Which begs the question of who the book's reader is intended to be. Film-goers already familiar with Rosenbaum's choice of classics are likely to feel somewhat patronised by his descriptions of these and would surely prefer to have his detailed, argued personal response to the films. If, on the other hand, he is aiming the book at the novice film-goer he sets the basic requirements too high; such readers will find themselves skipping from chapter to chapter searching for a "best film" they know.
The effect is surprisingly to make the sections on the classics and on Rosenbaum's favourite directors, which should have been his forte, the weakest sections. Parts of the director section read like misty-eyed love letters that have accidentally got into the final draft.
The section on "disputable contenders" is much better and more judicious and really does invite the reader to contemplate what makes a film a classic - or not. Before reading it, I would have included Martin Scorsese's Taxi Driver among my ten best films, but after reading Rosenbaum's analysis of the film as a "disputable contender" I am no longer sure.
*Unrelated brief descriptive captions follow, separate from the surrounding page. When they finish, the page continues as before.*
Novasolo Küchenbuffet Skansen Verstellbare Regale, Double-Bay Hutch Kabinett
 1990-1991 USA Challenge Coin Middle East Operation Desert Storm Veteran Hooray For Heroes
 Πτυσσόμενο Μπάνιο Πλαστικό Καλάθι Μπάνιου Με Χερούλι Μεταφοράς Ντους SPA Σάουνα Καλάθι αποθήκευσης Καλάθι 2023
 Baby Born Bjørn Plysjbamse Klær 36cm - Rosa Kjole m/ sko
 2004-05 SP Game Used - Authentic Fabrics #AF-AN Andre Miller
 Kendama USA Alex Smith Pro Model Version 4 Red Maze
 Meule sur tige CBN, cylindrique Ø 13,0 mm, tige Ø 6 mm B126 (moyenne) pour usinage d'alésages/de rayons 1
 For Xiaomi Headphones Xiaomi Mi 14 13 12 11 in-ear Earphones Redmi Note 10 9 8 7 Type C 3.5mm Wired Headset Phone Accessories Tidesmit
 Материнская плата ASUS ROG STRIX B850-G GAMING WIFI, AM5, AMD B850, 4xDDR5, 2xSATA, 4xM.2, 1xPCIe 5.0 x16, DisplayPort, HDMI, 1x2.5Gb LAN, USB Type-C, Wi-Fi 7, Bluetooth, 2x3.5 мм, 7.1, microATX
Maybe this goes to show that film criticism is more effective and enjoyable when it stimulates readers to think rather than browbeating them with strong opinion.
In places, the writing is absorbing and witty, and the book is always well informed. But in the end it seems to be written to show off its author's opinions, rather than to inform and change minds about what makes a film essential viewing.
Toby Sprigings is a film and media critic.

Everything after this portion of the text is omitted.